Makassar International Writers Festival 2013 (#MIWF2013) adalah yang saya
maksudkan, yang baru saja dilaksanakan 25-29 Juni 2013 di Fort Rotterdam,
Makassar.
Tema tahun ini adalah My City My Literature, yang hendak menjadikan kota sebagai pusat
kebudayaan, seni dan sastra di samping pusat ekonomi dan politik. Makassar yang
baru pertama kali saya kunjungi adalah sebuah kota besar (boleh dibilang
metropolis) di kawasan Indonesia Timur. Kota yang bertumbuh dengan pesat
sebagai pusat bisnis dan perdagangan. Dan ketika #MIWF2013 berlangsung, saya
melihat sendiri bagaimana upaya tersebut tidak berhenti sampai pada tahap
menulis tema saja, namun benar-benar diwujudkan. Saya kira, orang-orang dari
luar Makassar sudah terlalu jauh menilai bahwa kota ini identik dengan
kekerasan dan demo anarkis mahasiswa selain bahwa kota ini adalah pusat
perdagangan yang sibuk. Jangan-jangan pemikiran kita itu telah dibentuk oleh
kotak kaca 14 inci bernama Televisi! Dan ada benarnya juga, ketika saya ke
Makassar, mengikuti event sastra yang besar ini, berinteraksi dengan banyak
mahasiswa atau orang muda kebanyakan, pergi ke kampus Unhas mengikuti kuliah
umum Sapardi Djoko Damono atau keliling kota menikmati kuliner khas yang ada,
saya menemukan hal yang sebaliknya.
Di kampus FIB Unhas, saya mencoba mengamati
papan publikasi dan luar biasa, ada banyak kegiatan kreatvitas dan seni yang
terjadi setiap minggunya, dari pentas teater hingga pemutaran film, baca puisi
hingga musik akustik (dan saya langsung ingat Jogja, kota pendidikan yang juga
punya sebarek kegiatan seni dan kebudayaan khusus bagi orang muda). Hal yang
bagi saya jarang ada di kampus-kampus di Kupang. Saya lihat sendiri, kuliah
umumnya SDD penuh oleh mahasiswa. Sebaliknya, saya pernah ikut Pertemuan
Penyair Indonesia yang diadakan di kampus Unwira Kupang, dan yang meramaikan
adalah murid-murid yang ‘terpaksa’ dibawa Romo Amanche dari SMA Giovanni. Sama
rasakan juga saat pemutaran film The Mangoes karya bang Tony Trimarsanto di
Unwira Kupang, sepi. Saya kira daya interes mahasiswa terhadap seni dan sastra
bisa menjadi ukuran taraf kebudayaannya. Sayangnya karena TV sudah terlalu
mengidentikkan Makassar dengan demo mahasiswa, sehingga sekecil dan setenang
apapun mahasiswa Makassar berdemo, maka berita yang keluar adalah bentrok dan
bentrok. Terkait hal ini secara iseng saya tanya ke seorang sopir taksi,
katanya, “demo sih sering, tapi kadang TV terlalu lebay (berlebihan, red) mendeskripsikannya...”.
Nah!
Kembali lagi ke #MIWF2013, tentang bagaimana
anak-anak muda Makassar mengapresiasi betul sebuah festival sastra di kota
mereka. Menurut panitia #MIWF2013, tahun lalu tercatat 3000 pengunjung yang
hadir, tahun ini ditargetkan akan ada sekitar 5000 pengunjung hadir di 40
program yang disiapkan panitia. Dan apakah itu hanya angka statistik rekaan
panitia semata? Saya kira tidak. Di malam pembukaan dan penutupan saja, saya
kaget dengan tumpah ruahnya anak muda Makassar di kompleks Fort Rotterdam.

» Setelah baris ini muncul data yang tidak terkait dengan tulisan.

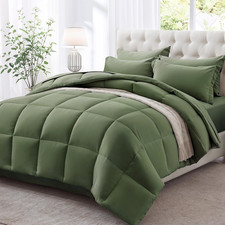 King Comforter Set 7 Piece, Olive Green Bed in a Bag with Comforters, Pillow Sha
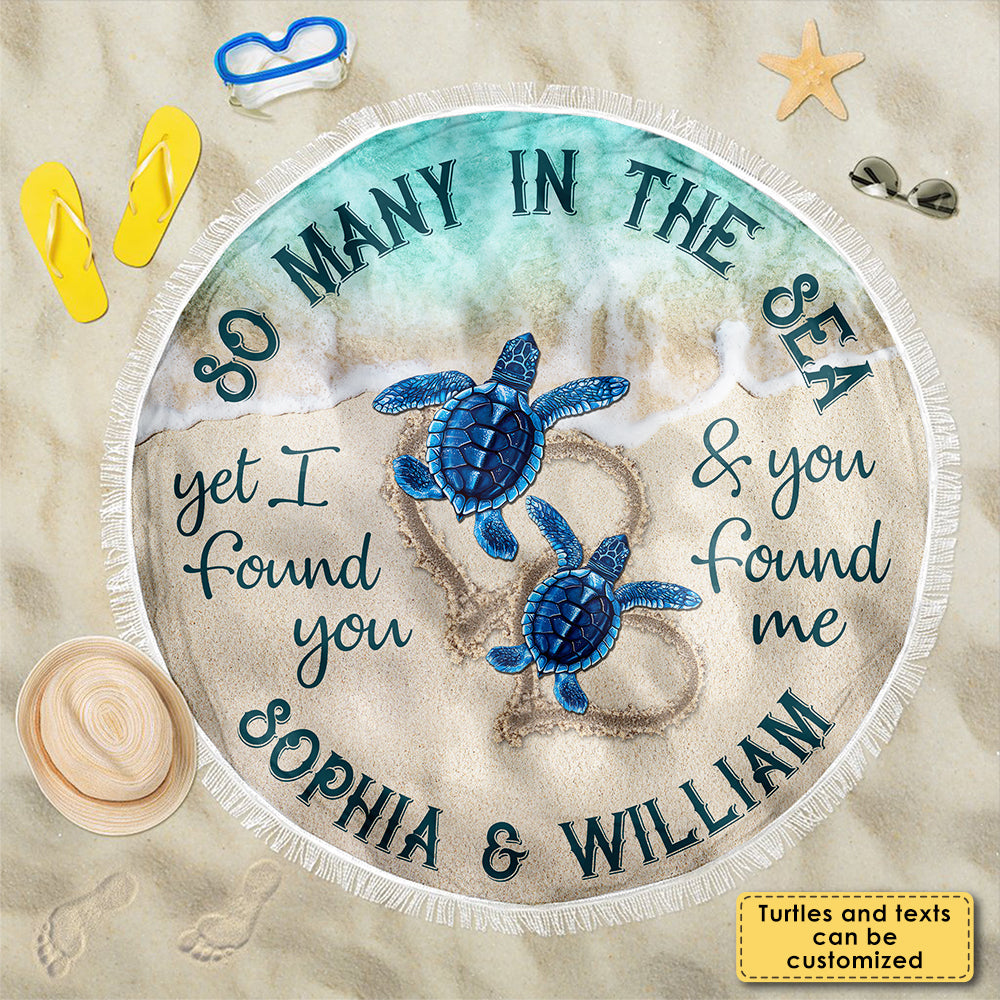 We Found Each Other - Personalized Round Beach Towel - Gift For Couples, Husband Wife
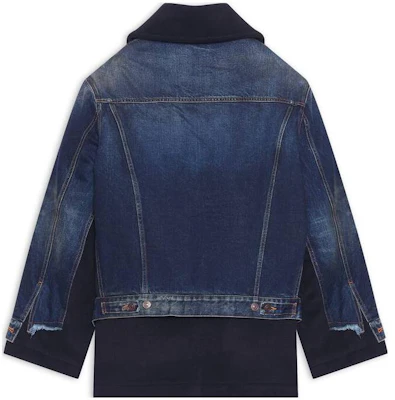 (W) Balenciaga FW22 Jaket Denim Patchwork Biru Longgar Potongan Pendek Frayed 681711TJW754021 Lookbook (W) Balenciaga FW22 Jaket Denim Patchwork Biru Longgar Potongan Pendek Frayed 681711TJW754021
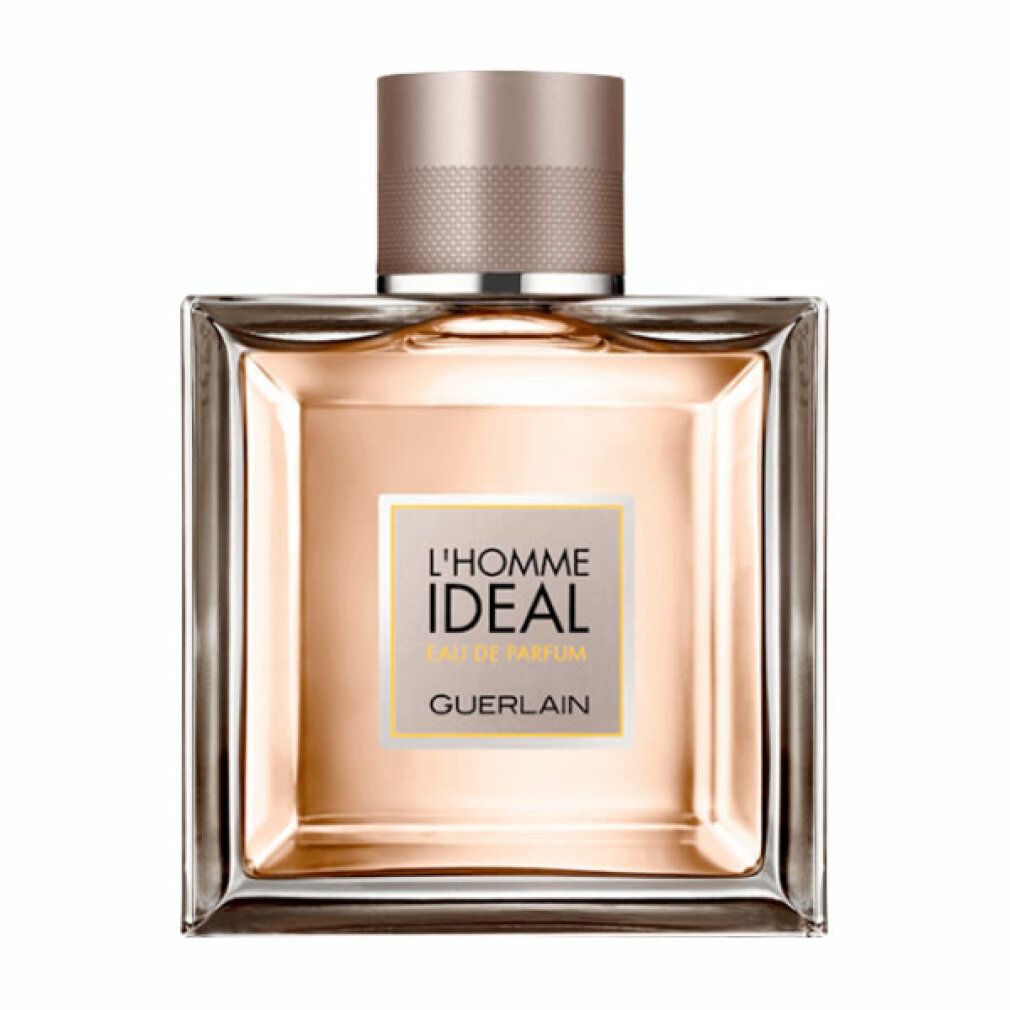 Guerlain L'Homme Ideal Eau de Parfum fles, bruine dop. Tekst: L'Homme Ideal, Guerlain.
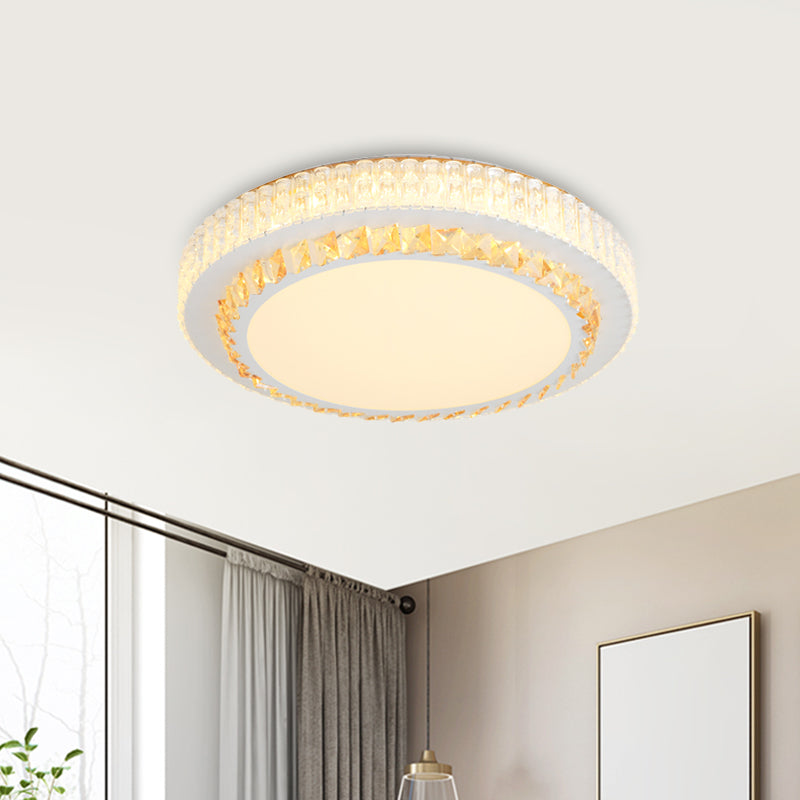 Round LED Flush Mount Ceiling Light Simple White Inlaid Crystal Flushmount in Warm/White Light for Bedroom Clearhalo 'Ceiling Lights' 'Close To Ceiling Lights' 'Close to ceiling' 'Flush mount' Lighting' 1451127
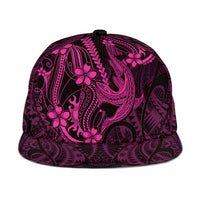 Pink Black Aloha Hawaii Snapback Cap Polynesian Shark Tattoo With Plumeria LT14 One Size Pink - Polynesian Pride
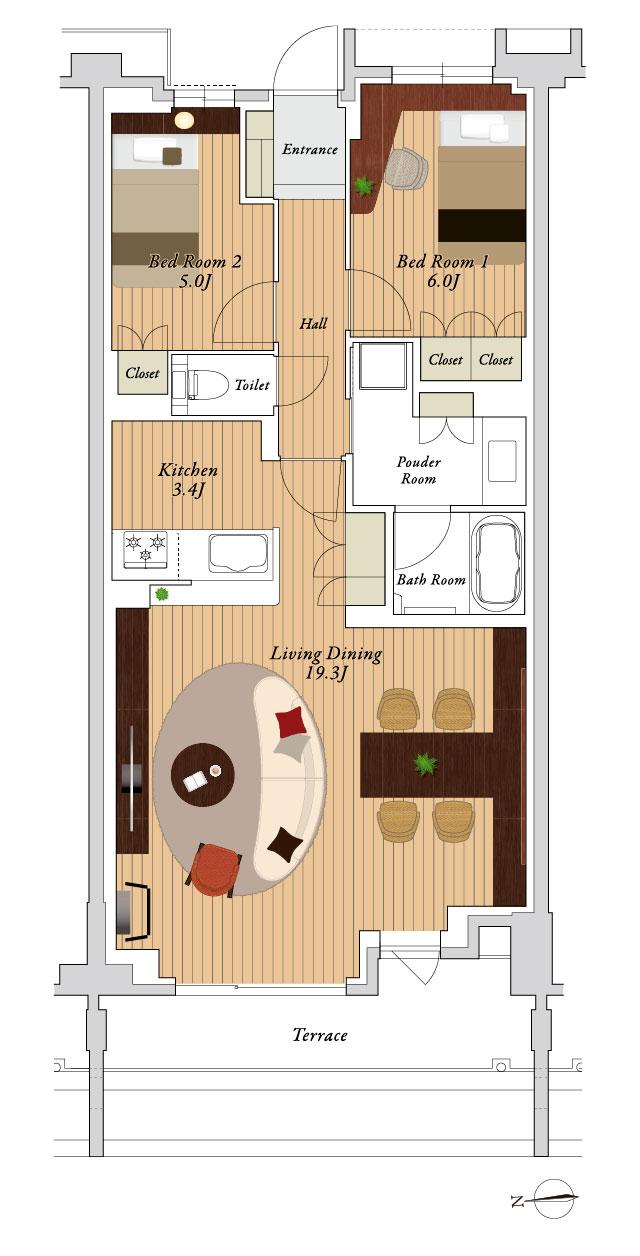 J.GRAN THE HONOR 下鴨糺の杜の間取り図　105：2LDK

Mereka rela lesehan berjam-jam di atas rumput benteng untuk menikmati setiap
sajian acara. Selama 5 hari festival, panitia #MIWF2013 mengadakan Community
Event pada pukul 18.30 hingga 22.00, baik komunitas-komunitas di Makassar, maupun
penulis yang diundang boleh membacakan atau menyanyikan puisinya di panggung
utama. Sambutannya luar biasa. Dulu, sebelum temu sastra bulanan di larang
diadakan di Taman Nostalgia Kupang, antusiasme terhadap sastra dan seni
pertunjukan ya begitu deh, yang hadir jugaa anggota dari komunitas itu sendiri.
Lebih hebatnya lagi, setiap malam saat commnunity event digelar, saya melihat
anak-anak muda Makassar tampil di panggung menyanyikan puisi-puisi Sapardi
Djoko Damono hingga Charil Anwar. Ya, mereka menginterpretasi bait demi baik
puisi Sapardi atau Chairil, dengan melodi yang mereka ciptakan sendiri.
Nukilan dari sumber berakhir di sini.